== Work required ==
Below are some records. Return exactly their lines from the one containing "2pcs Luminous Cat" through the one containing "Manhattan Toy Wimmer", and drop the pictures.

== Record excerpts ==
------------
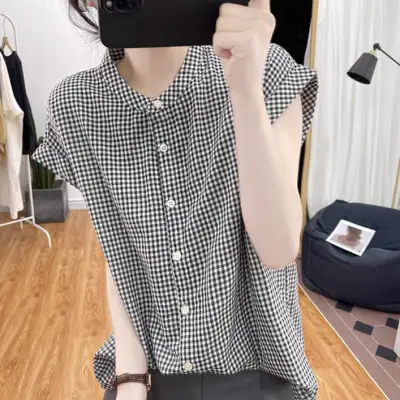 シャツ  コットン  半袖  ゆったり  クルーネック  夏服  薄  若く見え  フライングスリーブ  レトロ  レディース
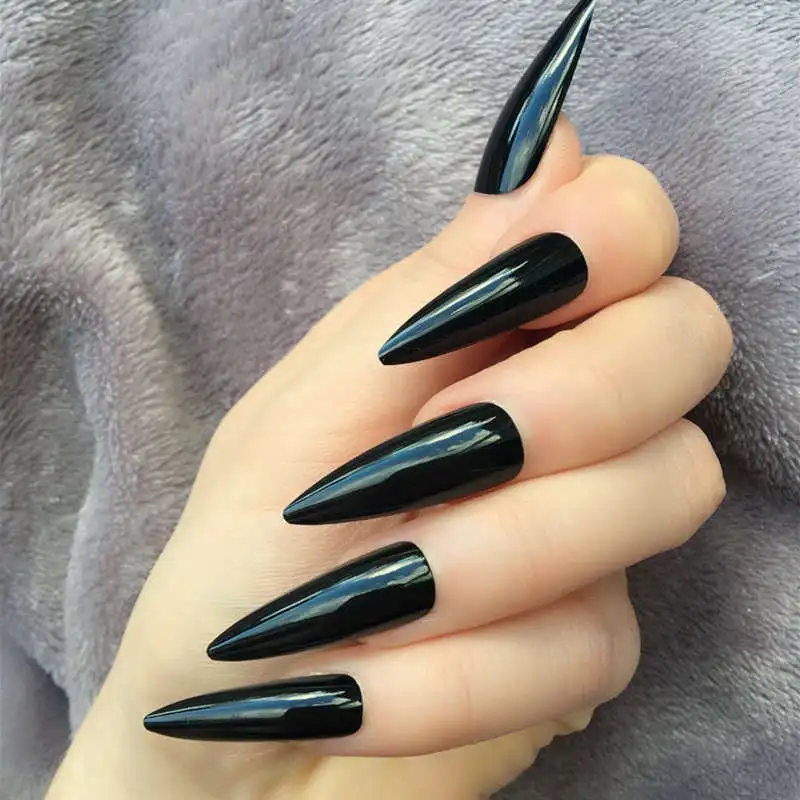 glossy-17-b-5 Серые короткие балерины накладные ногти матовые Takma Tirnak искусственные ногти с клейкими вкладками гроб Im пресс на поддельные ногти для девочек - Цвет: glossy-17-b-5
------------
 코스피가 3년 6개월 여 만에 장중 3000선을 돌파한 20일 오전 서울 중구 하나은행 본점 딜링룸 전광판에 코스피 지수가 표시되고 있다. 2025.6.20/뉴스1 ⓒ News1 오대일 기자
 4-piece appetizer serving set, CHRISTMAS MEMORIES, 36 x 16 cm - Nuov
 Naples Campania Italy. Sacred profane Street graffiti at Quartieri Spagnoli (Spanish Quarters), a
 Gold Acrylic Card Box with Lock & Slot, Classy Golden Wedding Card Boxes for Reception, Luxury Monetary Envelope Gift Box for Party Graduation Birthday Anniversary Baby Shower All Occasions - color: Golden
------------
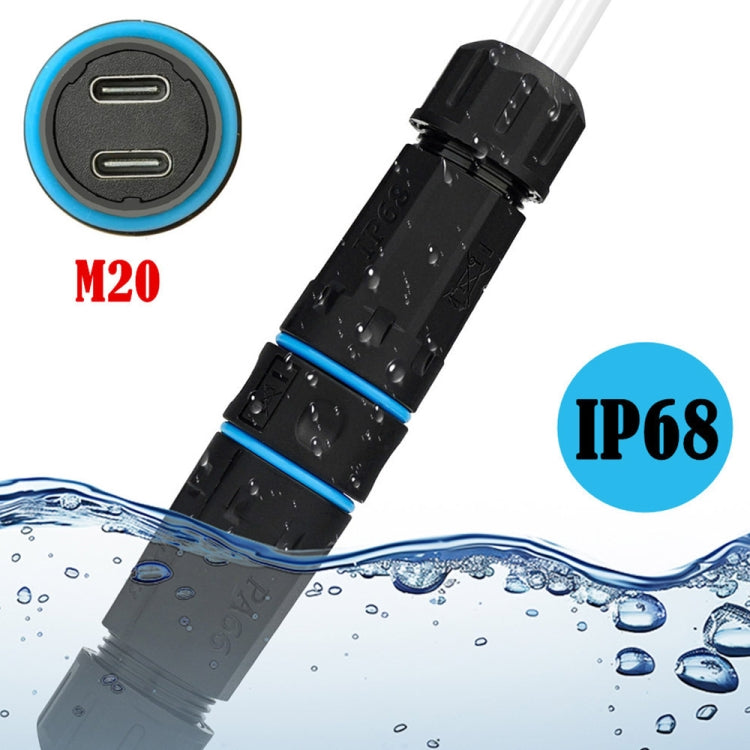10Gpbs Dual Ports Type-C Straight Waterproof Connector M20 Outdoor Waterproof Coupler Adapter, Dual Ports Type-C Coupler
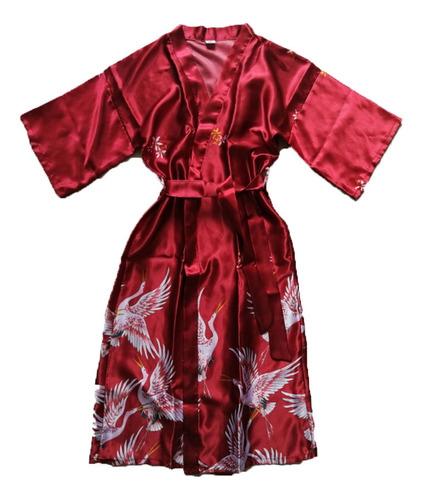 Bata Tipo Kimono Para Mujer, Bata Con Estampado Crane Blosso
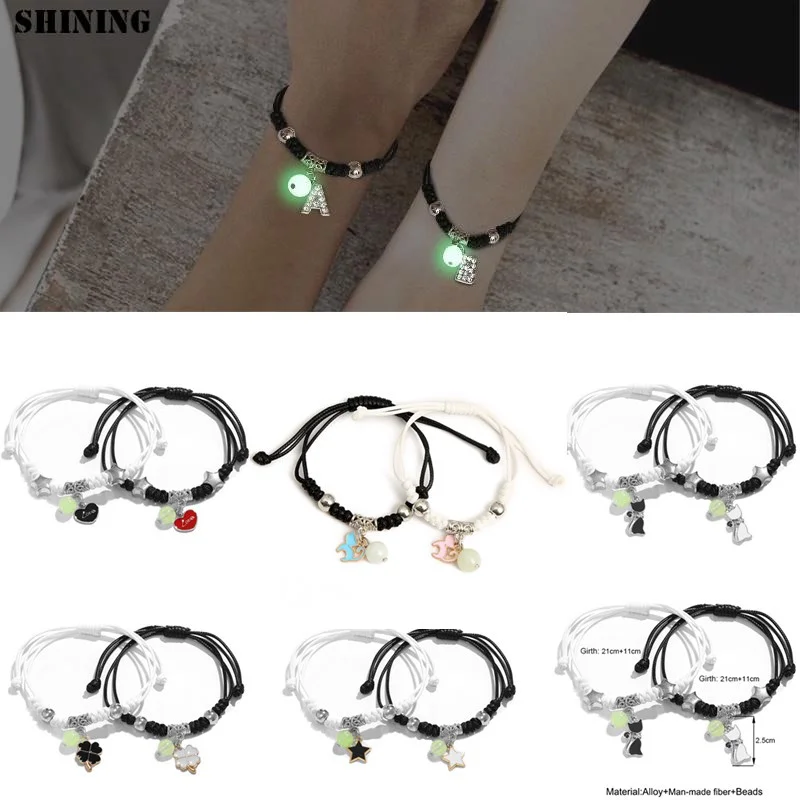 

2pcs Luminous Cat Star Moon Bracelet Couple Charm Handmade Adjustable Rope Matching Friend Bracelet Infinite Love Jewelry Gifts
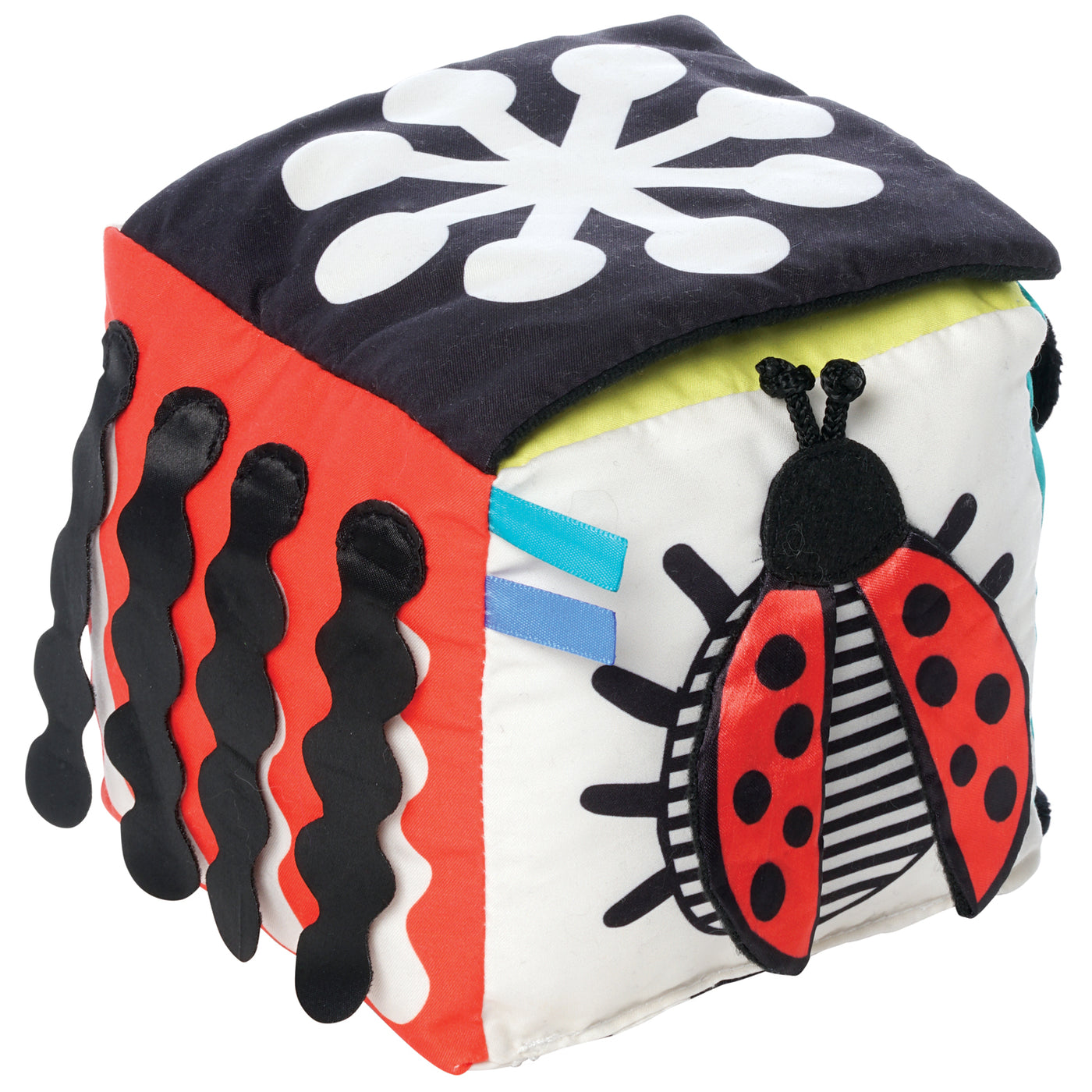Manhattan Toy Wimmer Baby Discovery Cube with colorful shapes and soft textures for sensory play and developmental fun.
------------
== Exercise output ==
2pcs Luminous Cat Star Moon Bracelet Couple Charm Handmade Adjustable Rope Matching Friend Bracelet Infinite Love Jewelry Gifts
Manhattan Toy Wimmer Baby Discovery Cube with colorful shapes and soft textures for sensory play and developmental fun.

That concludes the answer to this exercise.